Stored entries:
______________________________

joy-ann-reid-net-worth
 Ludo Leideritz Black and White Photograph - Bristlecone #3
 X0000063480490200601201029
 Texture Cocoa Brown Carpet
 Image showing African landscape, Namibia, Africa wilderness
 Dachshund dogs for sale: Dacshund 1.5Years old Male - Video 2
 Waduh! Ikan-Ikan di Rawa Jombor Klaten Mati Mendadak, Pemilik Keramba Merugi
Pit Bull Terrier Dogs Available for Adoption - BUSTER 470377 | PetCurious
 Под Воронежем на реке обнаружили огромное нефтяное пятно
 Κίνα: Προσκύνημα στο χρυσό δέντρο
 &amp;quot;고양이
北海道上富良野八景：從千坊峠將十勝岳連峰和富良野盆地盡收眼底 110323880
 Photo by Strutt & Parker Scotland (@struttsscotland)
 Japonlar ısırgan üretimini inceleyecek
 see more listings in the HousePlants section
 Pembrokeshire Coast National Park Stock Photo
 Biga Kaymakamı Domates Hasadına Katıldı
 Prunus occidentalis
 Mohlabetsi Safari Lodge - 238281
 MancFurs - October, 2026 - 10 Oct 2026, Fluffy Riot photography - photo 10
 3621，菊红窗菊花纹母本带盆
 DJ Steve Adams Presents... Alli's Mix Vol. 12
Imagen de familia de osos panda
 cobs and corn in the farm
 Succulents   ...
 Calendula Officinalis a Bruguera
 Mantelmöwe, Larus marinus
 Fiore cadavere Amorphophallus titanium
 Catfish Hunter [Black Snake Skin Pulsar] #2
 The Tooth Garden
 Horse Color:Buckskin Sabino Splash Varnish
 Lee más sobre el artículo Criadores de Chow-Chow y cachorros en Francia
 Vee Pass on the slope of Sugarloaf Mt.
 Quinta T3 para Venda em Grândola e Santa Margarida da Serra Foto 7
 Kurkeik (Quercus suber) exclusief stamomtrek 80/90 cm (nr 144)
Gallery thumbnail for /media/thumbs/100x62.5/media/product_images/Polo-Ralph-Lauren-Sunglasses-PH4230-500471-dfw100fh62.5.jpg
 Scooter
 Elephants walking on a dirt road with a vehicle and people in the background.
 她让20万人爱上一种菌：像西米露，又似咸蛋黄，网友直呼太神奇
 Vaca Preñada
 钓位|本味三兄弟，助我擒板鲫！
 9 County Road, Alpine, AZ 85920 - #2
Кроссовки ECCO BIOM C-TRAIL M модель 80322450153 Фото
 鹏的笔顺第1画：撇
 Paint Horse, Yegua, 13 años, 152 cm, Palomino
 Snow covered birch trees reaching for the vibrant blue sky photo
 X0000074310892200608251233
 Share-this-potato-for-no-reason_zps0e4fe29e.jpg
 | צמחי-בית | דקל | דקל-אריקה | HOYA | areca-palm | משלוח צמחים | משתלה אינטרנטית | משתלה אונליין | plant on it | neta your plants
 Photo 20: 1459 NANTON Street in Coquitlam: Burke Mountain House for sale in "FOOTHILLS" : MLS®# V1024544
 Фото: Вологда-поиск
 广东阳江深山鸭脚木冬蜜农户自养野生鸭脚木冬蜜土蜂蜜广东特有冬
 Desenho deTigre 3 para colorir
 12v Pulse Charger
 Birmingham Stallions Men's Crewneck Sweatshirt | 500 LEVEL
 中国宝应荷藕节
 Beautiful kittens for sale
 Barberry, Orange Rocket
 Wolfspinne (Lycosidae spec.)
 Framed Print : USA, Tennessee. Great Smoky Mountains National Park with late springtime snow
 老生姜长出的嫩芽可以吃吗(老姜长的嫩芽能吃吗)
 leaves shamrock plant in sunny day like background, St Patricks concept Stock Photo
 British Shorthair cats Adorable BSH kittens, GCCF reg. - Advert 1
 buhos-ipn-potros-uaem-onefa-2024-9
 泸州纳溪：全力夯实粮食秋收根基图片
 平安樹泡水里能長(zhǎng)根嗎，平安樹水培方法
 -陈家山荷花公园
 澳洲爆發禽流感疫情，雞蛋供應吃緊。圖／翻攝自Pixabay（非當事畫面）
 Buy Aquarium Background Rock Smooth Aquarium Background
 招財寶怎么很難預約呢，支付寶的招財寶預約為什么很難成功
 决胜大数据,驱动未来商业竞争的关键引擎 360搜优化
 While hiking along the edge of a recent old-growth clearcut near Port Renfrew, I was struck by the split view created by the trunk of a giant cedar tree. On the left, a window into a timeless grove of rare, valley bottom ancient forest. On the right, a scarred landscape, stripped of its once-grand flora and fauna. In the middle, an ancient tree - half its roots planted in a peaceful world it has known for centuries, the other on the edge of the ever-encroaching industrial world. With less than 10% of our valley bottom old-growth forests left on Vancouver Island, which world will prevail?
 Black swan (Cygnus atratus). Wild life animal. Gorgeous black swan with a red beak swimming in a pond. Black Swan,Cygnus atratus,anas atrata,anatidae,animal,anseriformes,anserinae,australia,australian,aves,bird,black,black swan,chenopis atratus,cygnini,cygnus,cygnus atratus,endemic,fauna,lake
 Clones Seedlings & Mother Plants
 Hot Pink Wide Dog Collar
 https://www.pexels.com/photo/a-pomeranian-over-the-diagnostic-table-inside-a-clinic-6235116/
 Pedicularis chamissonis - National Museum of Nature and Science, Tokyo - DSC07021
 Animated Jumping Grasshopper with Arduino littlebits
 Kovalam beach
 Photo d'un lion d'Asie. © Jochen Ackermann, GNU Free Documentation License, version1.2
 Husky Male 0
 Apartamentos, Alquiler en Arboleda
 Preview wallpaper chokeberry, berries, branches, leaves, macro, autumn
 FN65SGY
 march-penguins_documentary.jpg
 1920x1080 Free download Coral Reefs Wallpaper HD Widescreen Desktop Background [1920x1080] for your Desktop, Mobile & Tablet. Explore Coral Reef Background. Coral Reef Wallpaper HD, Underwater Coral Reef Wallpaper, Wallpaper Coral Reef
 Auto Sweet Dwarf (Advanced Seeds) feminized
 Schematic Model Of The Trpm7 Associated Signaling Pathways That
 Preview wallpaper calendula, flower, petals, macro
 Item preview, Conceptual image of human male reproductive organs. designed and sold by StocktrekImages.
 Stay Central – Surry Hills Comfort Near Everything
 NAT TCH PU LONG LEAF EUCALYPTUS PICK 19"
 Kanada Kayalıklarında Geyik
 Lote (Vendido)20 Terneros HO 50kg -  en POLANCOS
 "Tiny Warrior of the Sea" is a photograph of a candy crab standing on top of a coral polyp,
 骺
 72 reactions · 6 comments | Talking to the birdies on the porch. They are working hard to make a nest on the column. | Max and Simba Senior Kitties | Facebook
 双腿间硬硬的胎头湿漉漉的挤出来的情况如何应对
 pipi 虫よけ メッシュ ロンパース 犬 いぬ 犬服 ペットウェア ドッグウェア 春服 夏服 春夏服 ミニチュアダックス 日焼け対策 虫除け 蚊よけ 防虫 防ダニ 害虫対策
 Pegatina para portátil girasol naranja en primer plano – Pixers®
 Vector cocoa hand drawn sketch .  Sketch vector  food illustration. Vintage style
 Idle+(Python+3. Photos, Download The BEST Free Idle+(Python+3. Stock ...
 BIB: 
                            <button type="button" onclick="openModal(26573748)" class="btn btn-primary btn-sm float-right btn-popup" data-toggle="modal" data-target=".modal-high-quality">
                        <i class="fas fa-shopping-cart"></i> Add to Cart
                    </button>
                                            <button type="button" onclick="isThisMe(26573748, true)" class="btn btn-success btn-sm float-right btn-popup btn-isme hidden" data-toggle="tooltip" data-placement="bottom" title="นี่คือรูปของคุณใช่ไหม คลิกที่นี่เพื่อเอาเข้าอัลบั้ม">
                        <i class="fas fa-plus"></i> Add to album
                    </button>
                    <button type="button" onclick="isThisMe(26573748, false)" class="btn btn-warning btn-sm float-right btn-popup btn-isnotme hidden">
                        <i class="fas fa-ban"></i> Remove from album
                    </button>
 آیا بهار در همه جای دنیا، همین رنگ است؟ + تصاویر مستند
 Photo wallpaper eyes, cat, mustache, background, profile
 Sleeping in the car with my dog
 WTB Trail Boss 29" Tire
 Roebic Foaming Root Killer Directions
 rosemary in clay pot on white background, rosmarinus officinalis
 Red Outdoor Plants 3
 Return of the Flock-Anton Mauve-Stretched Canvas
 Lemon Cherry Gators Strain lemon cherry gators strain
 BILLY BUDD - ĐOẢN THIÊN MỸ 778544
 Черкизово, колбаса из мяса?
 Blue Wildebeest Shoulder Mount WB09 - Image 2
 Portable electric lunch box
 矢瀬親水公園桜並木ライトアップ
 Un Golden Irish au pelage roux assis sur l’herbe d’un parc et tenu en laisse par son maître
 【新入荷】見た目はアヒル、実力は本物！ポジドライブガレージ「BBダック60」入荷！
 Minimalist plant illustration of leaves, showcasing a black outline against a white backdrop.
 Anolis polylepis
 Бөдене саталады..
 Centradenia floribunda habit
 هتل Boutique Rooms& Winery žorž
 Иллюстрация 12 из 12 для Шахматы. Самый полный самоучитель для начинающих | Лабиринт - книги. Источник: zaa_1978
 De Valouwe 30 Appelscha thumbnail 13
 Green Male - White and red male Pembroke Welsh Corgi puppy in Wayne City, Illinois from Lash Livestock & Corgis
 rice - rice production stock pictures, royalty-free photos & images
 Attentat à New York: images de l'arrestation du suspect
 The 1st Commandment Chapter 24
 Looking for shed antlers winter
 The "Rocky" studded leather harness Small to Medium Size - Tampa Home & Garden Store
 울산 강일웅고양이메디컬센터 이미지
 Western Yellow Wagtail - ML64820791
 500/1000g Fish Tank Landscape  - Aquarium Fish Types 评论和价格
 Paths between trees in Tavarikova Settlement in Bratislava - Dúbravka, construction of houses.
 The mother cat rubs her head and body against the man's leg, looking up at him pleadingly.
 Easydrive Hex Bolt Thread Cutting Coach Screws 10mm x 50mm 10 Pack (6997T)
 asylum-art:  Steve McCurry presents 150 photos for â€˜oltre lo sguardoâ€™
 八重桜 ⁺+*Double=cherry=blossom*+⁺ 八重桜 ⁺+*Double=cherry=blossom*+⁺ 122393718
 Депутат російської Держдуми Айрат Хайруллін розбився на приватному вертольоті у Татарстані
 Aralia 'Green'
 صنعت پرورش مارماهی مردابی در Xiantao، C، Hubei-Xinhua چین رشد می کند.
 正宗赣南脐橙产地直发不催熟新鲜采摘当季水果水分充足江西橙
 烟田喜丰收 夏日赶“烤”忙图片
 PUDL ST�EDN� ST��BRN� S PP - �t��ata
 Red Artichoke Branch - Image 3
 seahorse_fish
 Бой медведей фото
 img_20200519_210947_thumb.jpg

______________________________

Give back, word for word, only the lines above from the line holding "Prunus occidentalis" to the line holding "Barberry, Orange Rocket", both included.

**Result:**
 Prunus occidentalis
 Mohlabetsi Safari Lodge - 238281
 MancFurs - October, 2026 - 10 Oct 2026, Fluffy Riot photography - photo 10
 3621，菊红窗菊花纹母本带盆
 DJ Steve Adams Presents... Alli's Mix Vol. 12
Imagen de familia de osos panda
 cobs and corn in the farm
 Succulents   ...
 Calendula Officinalis a Bruguera
 Mantelmöwe, Larus marinus
 Fiore cadavere Amorphophallus titanium
 Catfish Hunter [Black Snake Skin Pulsar] #2
 The Tooth Garden
 Horse Color:Buckskin Sabino Splash Varnish
 Lee más sobre el artículo Criadores de Chow-Chow y cachorros en Francia
 Vee Pass on the slope of Sugarloaf Mt.
 Quinta T3 para Venda em Grândola e Santa Margarida da Serra Foto 7
 Kurkeik (Quercus suber) exclusief stamomtrek 80/90 cm (nr 144)
Gallery thumbnail for /media/thumbs/100x62.5/media/product_images/Polo-Ralph-Lauren-Sunglasses-PH4230-500471-dfw100fh62.5.jpg
 Scooter
 Elephants walking on a dirt road with a vehicle and people in the background.
 她让20万人爱上一种菌：像西米露，又似咸蛋黄，网友直呼太神奇
 Vaca Preñada
 钓位|本味三兄弟，助我擒板鲫！
 9 County Road, Alpine, AZ 85920 - #2
Кроссовки ECCO BIOM C-TRAIL M модель 80322450153 Фото
 鹏的笔顺第1画：撇
 Paint Horse, Yegua, 13 años, 152 cm, Palomino
 Snow covered birch trees reaching for the vibrant blue sky photo
 X0000074310892200608251233
 Share-this-potato-for-no-reason_zps0e4fe29e.jpg
 | צמחי-בית | דקל | דקל-אריקה | HOYA | areca-palm | משלוח צמחים | משתלה אינטרנטית | משתלה אונליין | plant on it | neta your plants
 Photo 20: 1459 NANTON Street in Coquitlam: Burke Mountain House for sale in "FOOTHILLS" : MLS®# V1024544
 Фото: Вологда-поиск
 广东阳江深山鸭脚木冬蜜农户自养野生鸭脚木冬蜜土蜂蜜广东特有冬
 Desenho deTigre 3 para colorir
 12v Pulse Charger
 Birmingham Stallions Men's Crewneck Sweatshirt | 500 LEVEL
 中国宝应荷藕节
 Beautiful kittens for sale
 Barberry, Orange Rocket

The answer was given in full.